私が指導するゴスペルのクワイヤのメンバーは、ほとんどが働き盛りの社会人、結婚して家庭を持ちつつ働いている人もいれば、そうでない人もいます。年代もさまざまですが、30代、40代、50代あたりがほとんどを占める感じでしょうか。。

それぞれ働いている分野もさまざま、役職もさまざま、背負っている責任も家庭環境も年収も経験も、何もかもがそれぞれです。きっとこれが会社とかであれば、上下関係があったり、力関係があったりするのでしょうが、ことゴスペルの練習会場に集合してしまえば、すべての人が同じ立場なのです。ただクワイヤの一員、ゴスペルグループのメンバーの一人、になります。

ここでは、自分の背負っているものから全て離れ、誰でもが同じ立場に立ち、歌うことに没頭できます。それが安心感や安堵感につながるんではないでしょうか。それこそ、神様の前にすべての人はみな平等なわけで、その本来の立場に戻れる場、ということかもしれません。

どんなに仕事が疲れていても、なんとか時間を作ってレッスンに来てくれます、そして仲間にあって一緒に大きな声で歌うことによって、疲れがいやされ、スッキリするようなのです。来る前は「ちょっとしんどいな〜、今日はやめようかな・・」と思っていても「やっぱり来てよかった!」となる、と言ってくれます。

歌うことの力と、ゴスペルの曲の持つ力が合わさって、さらに仲間に会う、という人とのつながりが、このようなパワーを生み出しているのだと思います。

 

助け合う仲間

グループですから、一人で歌うことはできません、みなで足並みを揃えて歌わないと、歌が成り立たないのです。

グループの所属して長い人もいれば、入ったばかりでわからないことだらけの人もいます、そういう時には、分かる人がわからない人を少し手助けしてあげる、そんな雰囲気がどのクワイヤにも見られます。まあ、私からも時々そのように指導もしますけれど。
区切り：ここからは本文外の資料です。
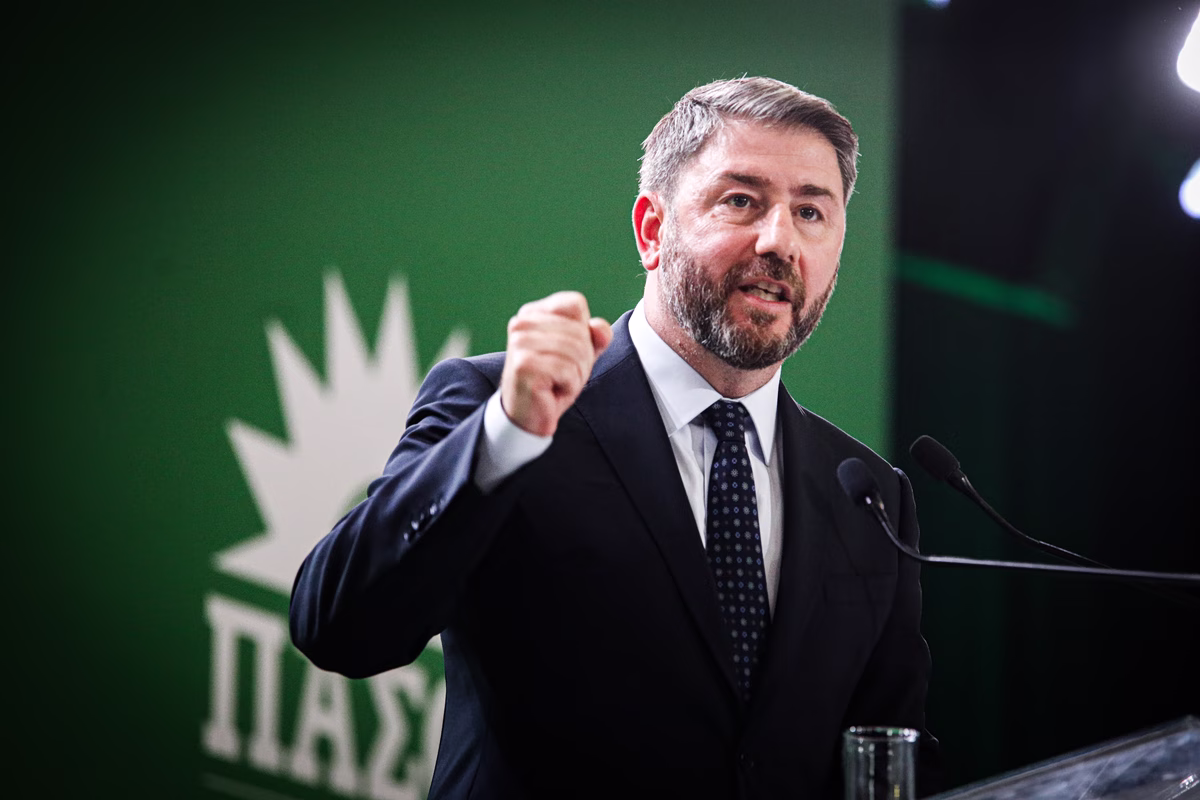 ΠΑΣΟΚ: Οι «επιστροφές», η μεταγραφή, τα μηνύματα Ανδρουλάκη και η «νέα αλλαγή»- Όλο το παρασκήνιο από το Αιγάλεω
自分が入って間もないころに誰かに助けてもらった、だから私も同じように新しい人を助けてあげよう、という、とてもシンプルなサイクルが自然に生まれるのも仲間で歌うことの良いところだと思います。

誰かが声をかけてあげることにより、周りも互いに声をかけやすくなったりするものです。また、わからないときに「わかりません!」と言いやすい状況を作る、そんなことも必要になってきます。それぐらい、参加している人がリラックスできる状況を作ることも、大切な指導者の役割だと思っています。

今何をやっているのか、どこを歌っているのか、この曲は知っているけれど、今歌っている曲は知らないし、歌詞カードもないし・・という中では誰でも不安になります。その不安は指導者だけでは目が行き届かない部分も多く、だからメンバー間のつながりが大切になってきます。すぐ横にいるメンバーがちょっと声をかけてあげることで解消してしまう些細な事なのですが、これができる空気があるかないのか、という違いなんですよね。

ゴスペルの歌の内容、もそうですし、もともと聖書の教えが「与えられるより与える人になりなさい」「自分を愛するように隣人を愛しなさい」など、自分よりも周りの人を優先し、助け合う教えが底辺にあるので、そのメッセージが自然とゴスペルを歌っているうちに、そのグループ内での人とのつながりに現れてくるんじゃないでしょうか。